What fascinates me about this case is not so much the murder, as the aftermath. As a nobleman, and a wronged husband, there was no question that Carlo Gesualdo would get away with the crime. Contemporary accounts called Donna Maria a "strumpet," and it seems that Gesualdo had nothing to fear from the law, only from his late wife's family who might have sought revenge. There were whispers of course--even claims that Gesualdo went on to murder his and Donna Maria's infant son and Donna Maria's father--but no one ever brought him to justice.
In a way however, he brought himself to justice. This is the part of the story that intrigues me, especially now, during Lent, which is a time for penitence. Penitence has a major role in the history of criminal justice; that's where the term "penitentiary" comes from after all. But mostly, criminals don't seem very penitent in the accounts you hear these days. Especially men who have committed violence against women, especially cheating wives, especially cheating wives caught naked in bed with their paramours.
Some criminals don't feel sorry because they are sociopaths, and lack conscience, which is the capacity to feel sorrow or guilt. Others, I'm convinced, aren't necessarily incapable of feeling guilt by nature, but instead cannot allow themselves to do so because that would mean first admitting that they were wrong, and second opening themselves up to the despair of knowing that they have done something truly evil that they cannot take back. They must maintain their innocence, or justify their actions, in order to construct the denial that gets them through the day, the year, the life sentence.
Gesualdo is interesting to me because he couldn't maintain that denial, and he didn't entirely lack conscience. No one punished him, so he punished himself. He became a virtual hermit, rarely leaving his castle for the last decade and a half of his life. He did remarry when forced to by his family, but the union was, unsurprisingly, unhappy. He had the forest on his estate cut down, leaving his surroundings barren and lifeless. Even more disturbingly, he required his servants to beat him daily. There was one servant for whom this was a primary duty. What a job to have!

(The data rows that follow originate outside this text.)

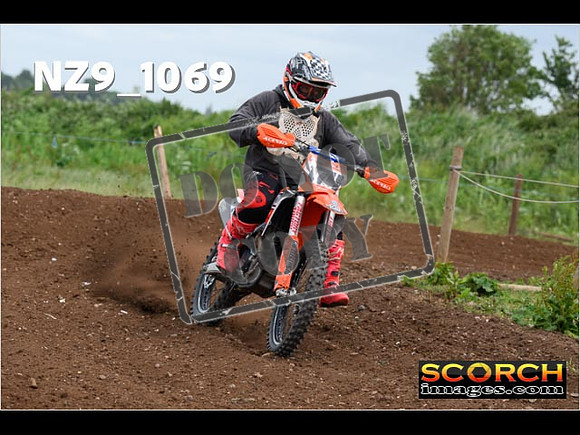 Inters Green-169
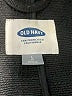 Old Navy Black Coat Size L - photo 6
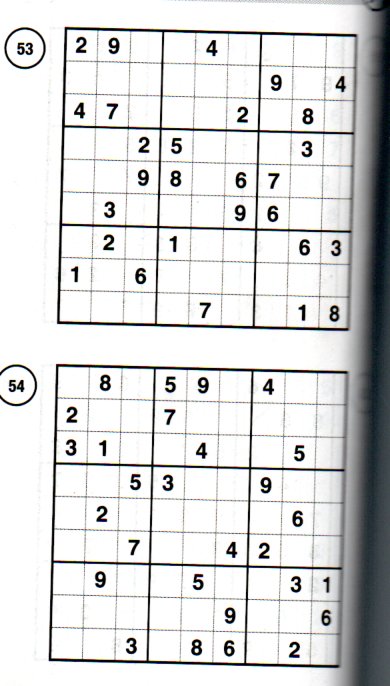 img20210125_21195439.jpg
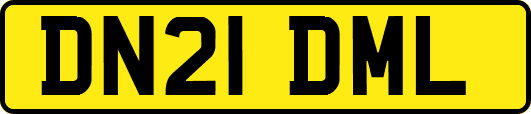 DN21DML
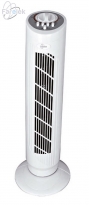 Stolní ventilátor Dakota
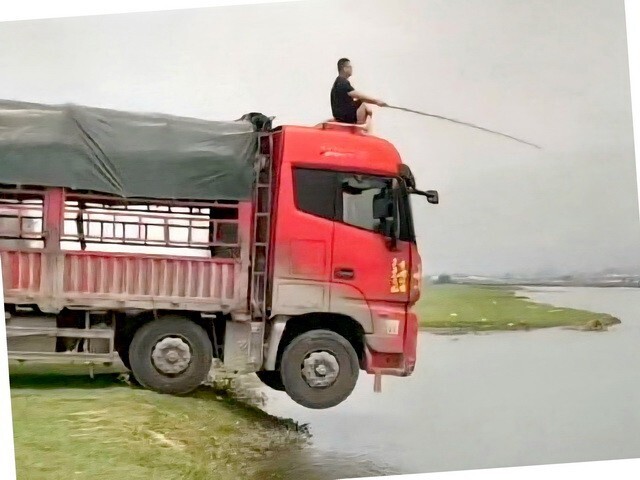 АвтоВсячина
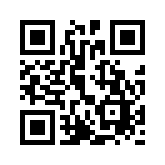 QR-Code https://ppt.cc/Gme3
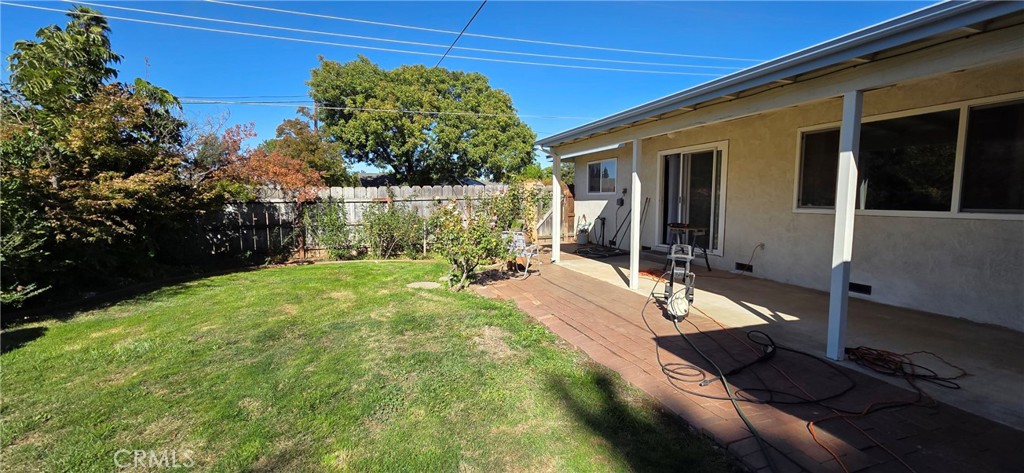 2835 San Verbena Way Property Photo 12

And then there's his music. We can't prove, of course, that he took his compositions from the Bible's most difficult and painful source texts because of his guilt, but it's pretty suggestive. The motet we sang on Sunday oozes pain and conflict. It speaks of suffering beyond measure, supposedly that of Christ on the cross, but possibly Gesualdo's own suffering as well.
Don't get me wrong, none of this excuses him, and none of it makes it ok that he got away scotfree. And I'm certainly not one of those people who thinks that mental imbalance is necessary or even all that helpful for artistic brilliance. However I do think that our destructive impulses and our creative impulses spring from the same place within us, from the sum of our experiences and personal idiosyncracies.
And I wonder, is punishment meted out from society good for the soul, not only the soul of the murderer's victim, but the soul of the murderer himself? If he had been punished by his community, would he have felt the need to continue punishing himself? Would he have composed the motet we sang last Sunday?
O vos omnes, o vos omnes... oh you people passing by, attend and see, is there any sorrow, any sorrow, like unto mine?